On Dec 5, 2010, at 9:26 PM, Adrian Crum wrote:

> --- On Sun, 12/5/10, Adam Heath <doo...@brainfood.com> wrote:
>> Again, why are people pushing back on this?  It hurts
>> no one, and
>> could find cases where caching actually would help. 
>> Really, what is
>> the harm?
> 
> I can only speak for myself. I push back on entity caching stuff because I 
> feel it is redundant. Database systems cache data. Those database systems run 
> on top of operating systems that cache data. It seems to me that it's 
> redundant to cache data entity data at the application level. I'm not an 
> expert on the subject, I'm just suggesting that caching optimization should 
> be done at a lower level. Entity caching seems to me to be a form of 
> premature optimization.

There is a lot of value of caching on the app server for frequently used or 
performance sensitive data where stale data isn't such a concern.

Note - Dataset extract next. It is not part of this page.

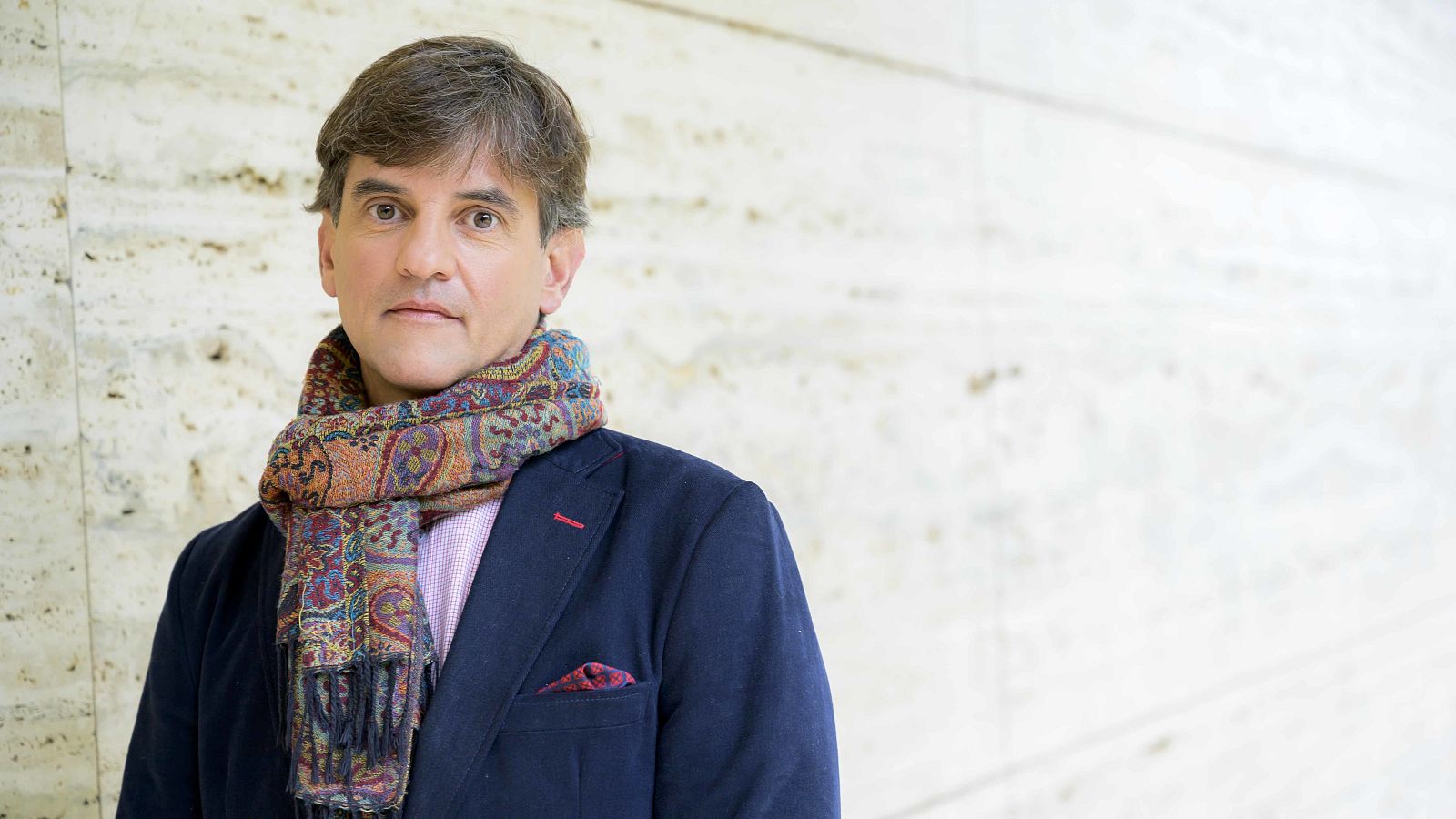 José Luís Martínez, a 'Noms Propis'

For most caches the whole point of the cache is to keep the data as close to 
where it is used as possible so that it is cheaper/faster to get. For example 
caches built into hard disks don't make much sense from that perspective. 
However, really caches built into hard disks serve a different purpose such as 
read-ahead buffering and such as opposed to caching data that has already been 
read just in case it is read again (which operating systems do for certain 
things, databases for other things, and app servers for others, as they 
should... and hard disk caches shouldn't).